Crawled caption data
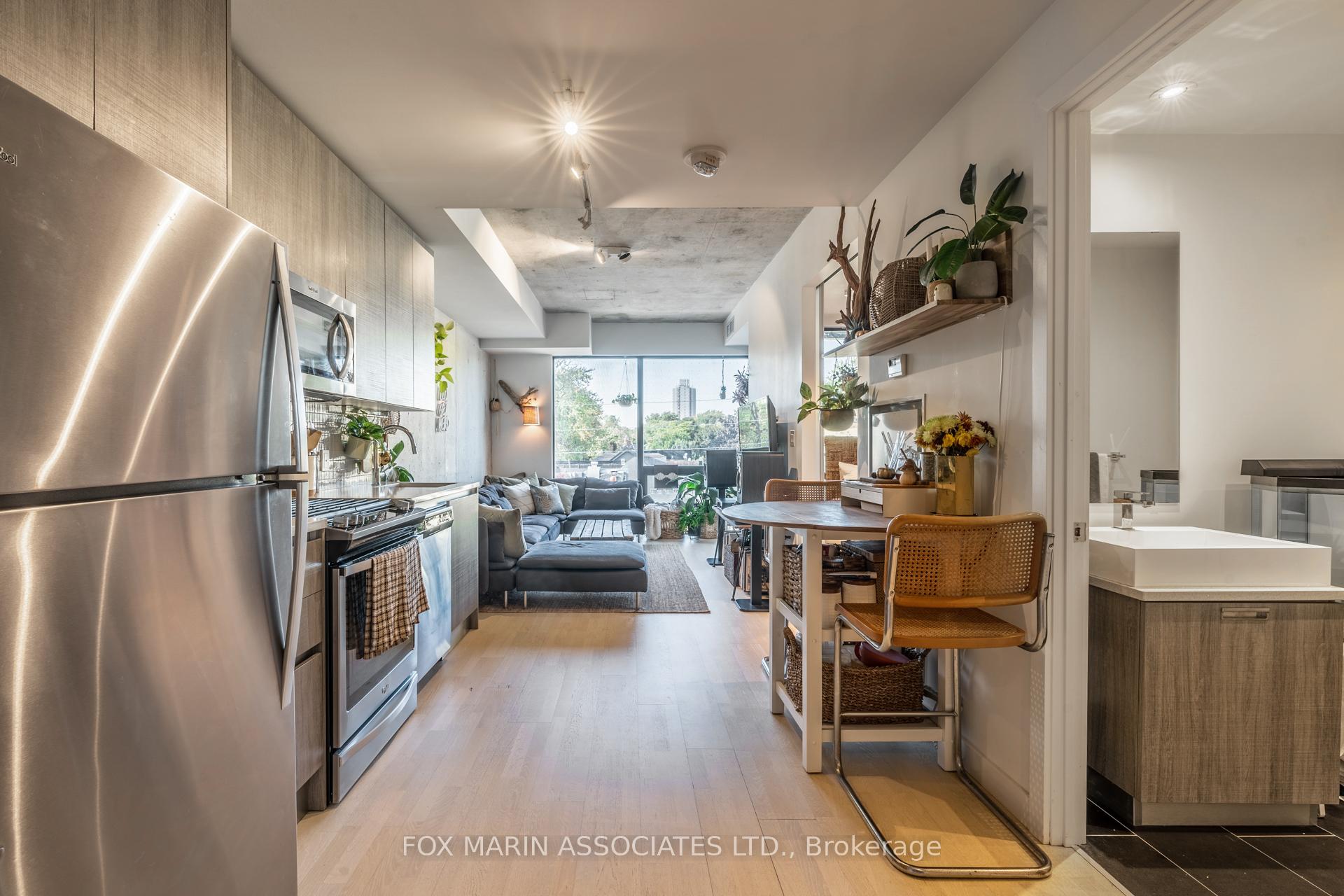 Photo 4 of Unit 411, 246 Logan Avenue, Toronto, South Riverdale — HOMEH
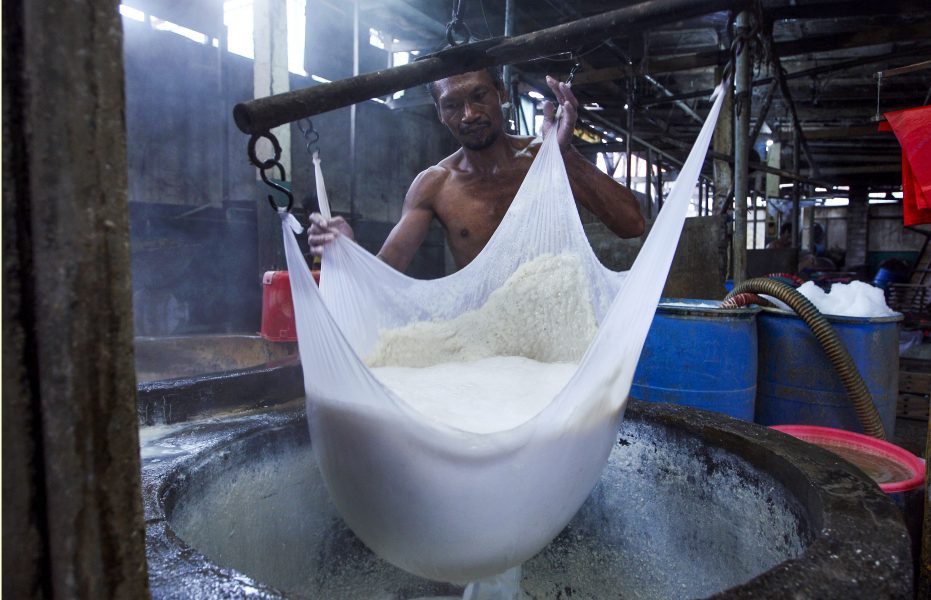 Tofumassan rinner av i en silduk på en liten tofufabrik på Bali.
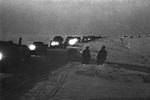 Доставка грузов в осажденный Ленинград по льду Ладожского озера во время Великой Отечественной войны, 1943 год 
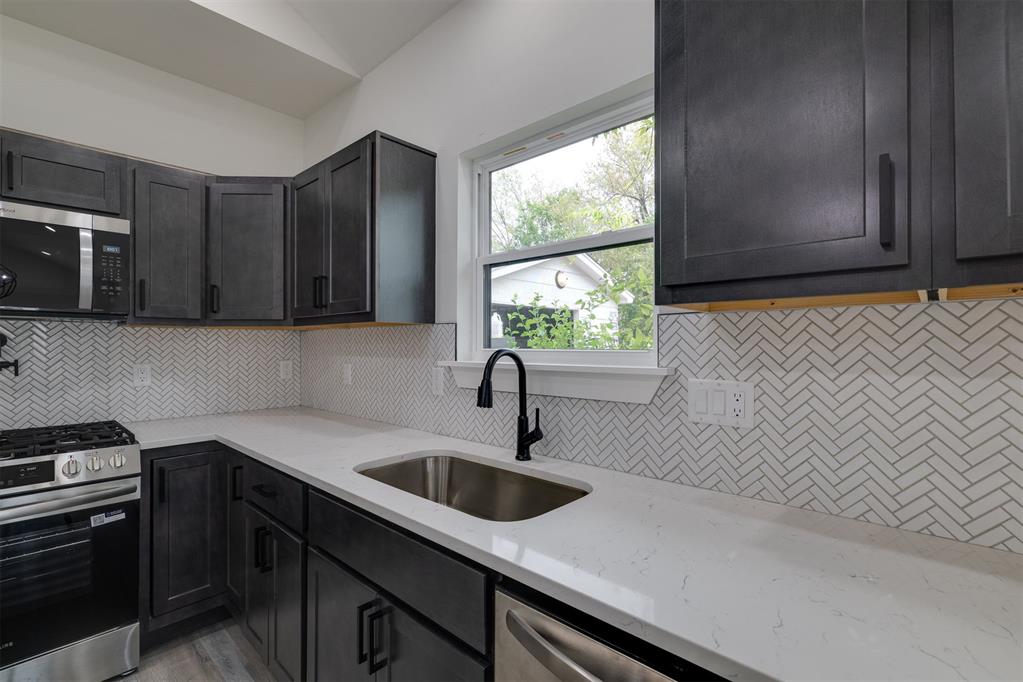 415 Se 54th Street Property Photo 13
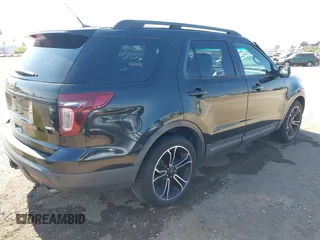 2015 Ford Explorer Sport z VIN 1FM5K8GT9FGA45710, wystawiony jako IAAI lot #42807452 z przebiegiem 110 277 mil mil oraz . Historia ofert i sprzedaży dostępna na DreamBid. Obrazek 4.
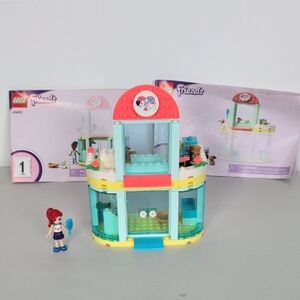 Lego Friends Pet Clinic Set # 41695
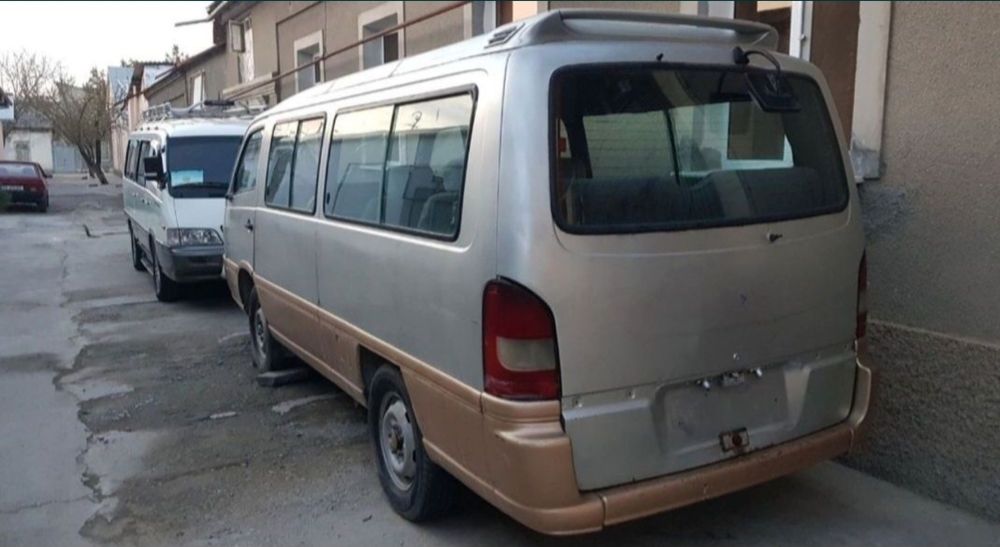 Истана микроавтобус кузов сотилади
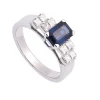 Sortija con zafiro central y diamantes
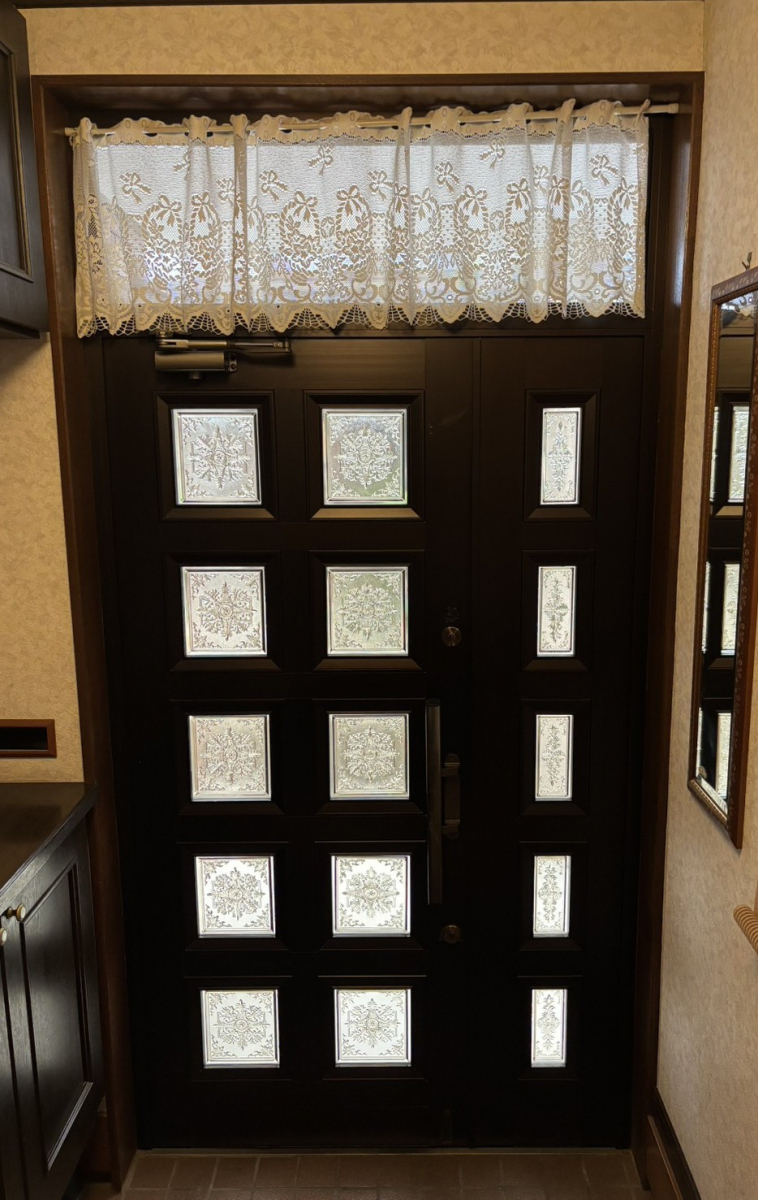 押田屋の玄関ドアをカバー工法で取替させていただきましたの施工前の写真2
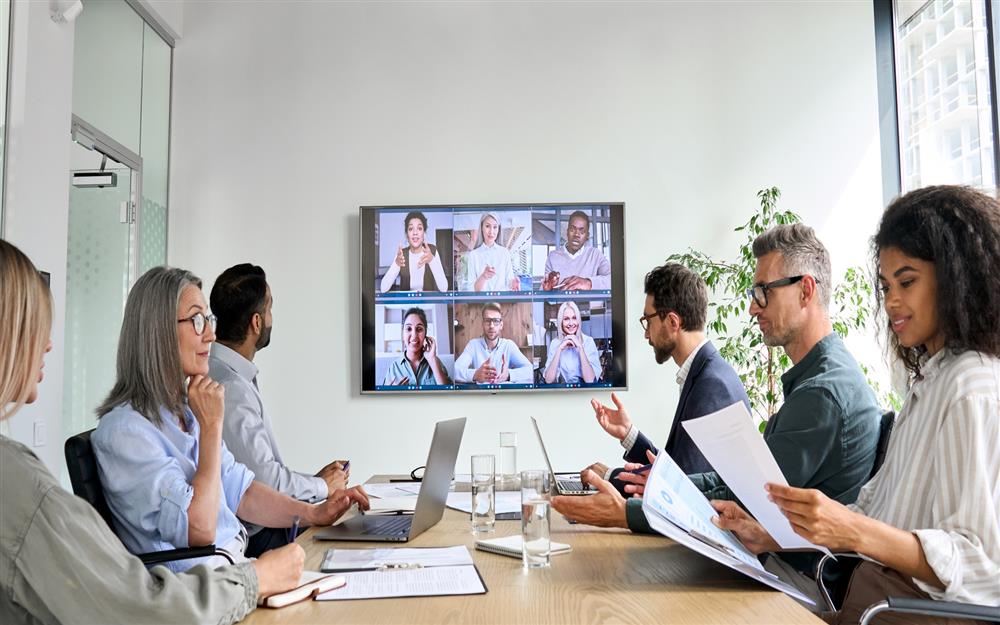 Integrating Custom Marketing Materials with Digital Strategies for Business Growth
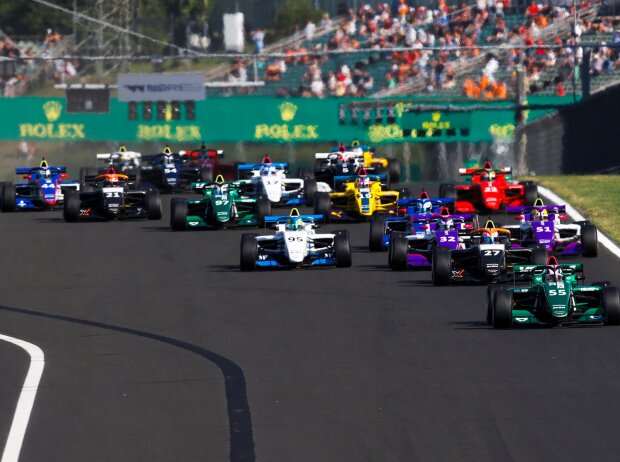 Start der W-Serie 2021 auf dem Hungaroring bei Budapest Start der W-Serie 2021 auf dem Hungaroring bei Budapest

▸ **Exercise objective**: Write out the records above once more, word for word, with no pictures.

▸ **Written solution**:
 Photo 4 of Unit 411, 246 Logan Avenue, Toronto, South Riverdale — HOMEH
 Tofumassan rinner av i en silduk på en liten tofufabrik på Bali.
 Доставка грузов в осажденный Ленинград по льду Ладожского озера во время Великой Отечественной войны, 1943 год 
 415 Se 54th Street Property Photo 13
 2015 Ford Explorer Sport z VIN 1FM5K8GT9FGA45710, wystawiony jako IAAI lot #42807452 z przebiegiem 110 277 mil mil oraz . Historia ofert i sprzedaży dostępna na DreamBid. Obrazek 4.
 Lego Friends Pet Clinic Set # 41695
 Истана микроавтобус кузов сотилади
 Sortija con zafiro central y diamantes
 押田屋の玄関ドアをカバー工法で取替させていただきましたの施工前の写真2
 Integrating Custom Marketing Materials with Digital Strategies for Business Growth
 Start der W-Serie 2021 auf dem Hungaroring bei Budapest Start der W-Serie 2021 auf dem Hungaroring bei Budapest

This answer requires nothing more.